Lors de l’élection de 2006, Rifondazione Comunista
(Refondation communiste), le Parti des communistes italiens (PdCI) et les Verts
avaient pu obtenir ensemble près de 4 millions de suffrages. Les 14 et 15 avril
ces mêmes partis en plus de la Gauche démocratique, un tout petit parti issu
d’une scission des Démocrates de Gauche, ont à peine recueilli 1,1
million de voix au total, n’obtenant pas le minimum requis pour une
représentation au parlement italien. Ce qui signifie que pour la première fois
depuis la chute du fascisme, il n’y a plus aucune représentation au parlement
italien d’un parti qui, du moins par son nom, s’associe à la
tradition communiste.
Durant les deux années qui ont séparé ces deux élections, les
partis composant la Gauche arc-en-ciel avaient participé activement au
gouvernement de Romano Prodi et avaient soutenu à tous égards sa politique à
l’encontre des intérêts des gens ordinaires.

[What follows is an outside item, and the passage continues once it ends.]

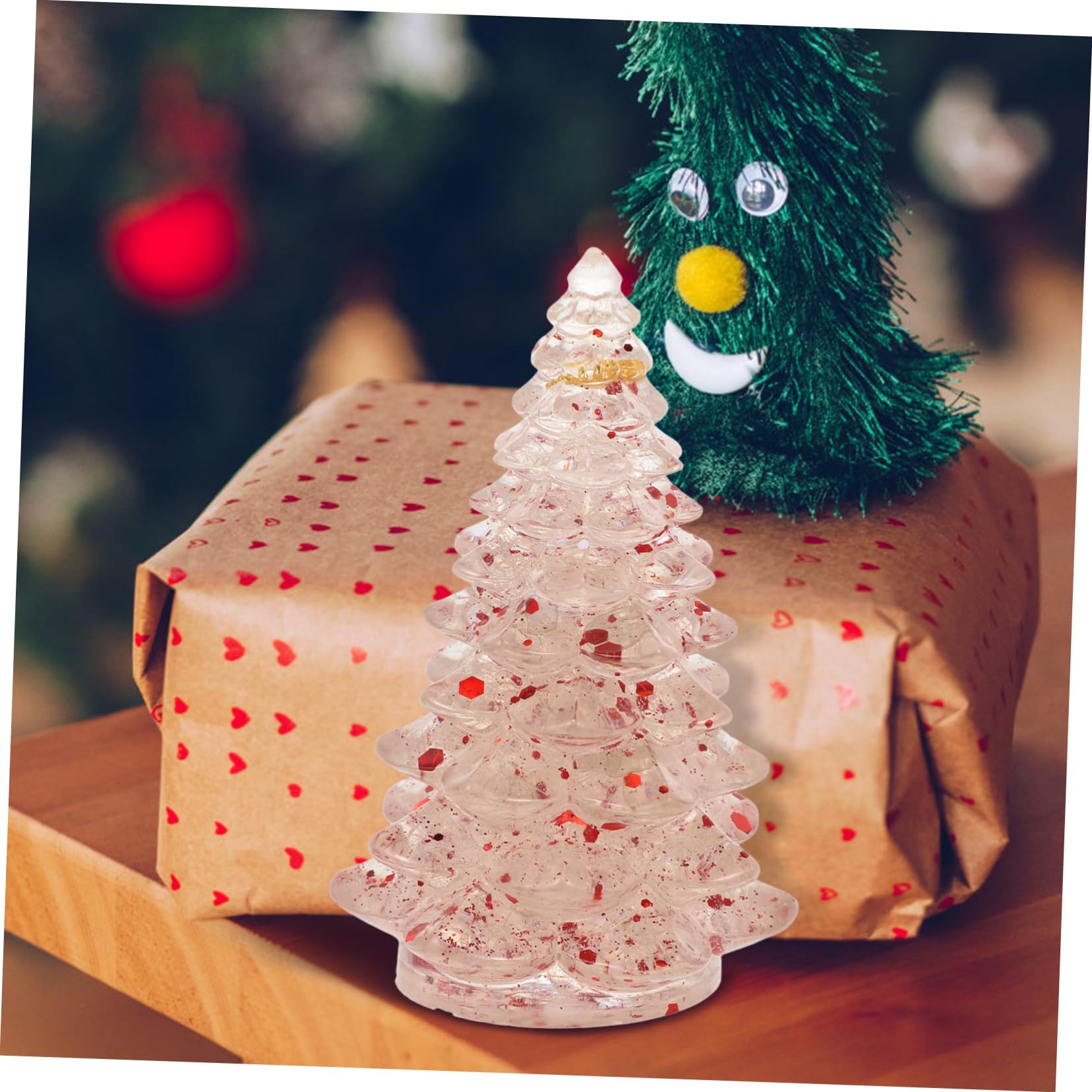 TOPBATHY 5 Pezzi di Decorazioni per La Cima Dellalbero di Natale Mini Albero di Natale in Resina Decorazioni da Tavolo per Feste di Natale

Prodi a ramené le déficit budgétaire courant de l’Italie
de 4,6 pour cent du produit intérieur brut à 1,9 pour cent au moyen d’un
programme d’économie rigide. Pour cela, il a récolté les applaudissements
des milieux financiers italiens et européens tandis que la classe ouvrière en
payait les frais sous forme de déclin du salaire réel et de relèvement de
l’âge de départ à la retraite.
En politique étrangère, Prodi a maintenu le stationnement de
troupes italiennes en Afghanistan, il a envoyé davantage de soldats italiens au
Liban et a appuyé l’agrandissement de la base militaire américaine à Vicenza
en dépit de l’opposition massive de l’opinion publique et il a de
plus augmenté considérablement les dépenses militaires.
Prodi a également intensifié les attaques contre les droits
démocratiques. Son gouvernement a passé l’année dernière une loi
autorisant les forces de sécurité à expulser par décret tout étranger jugé dangereux
pour la sûreté publique. La formulation vague de ce décret permet
d’attribuer des pouvoirs arbitraires aux forces de l’Etat.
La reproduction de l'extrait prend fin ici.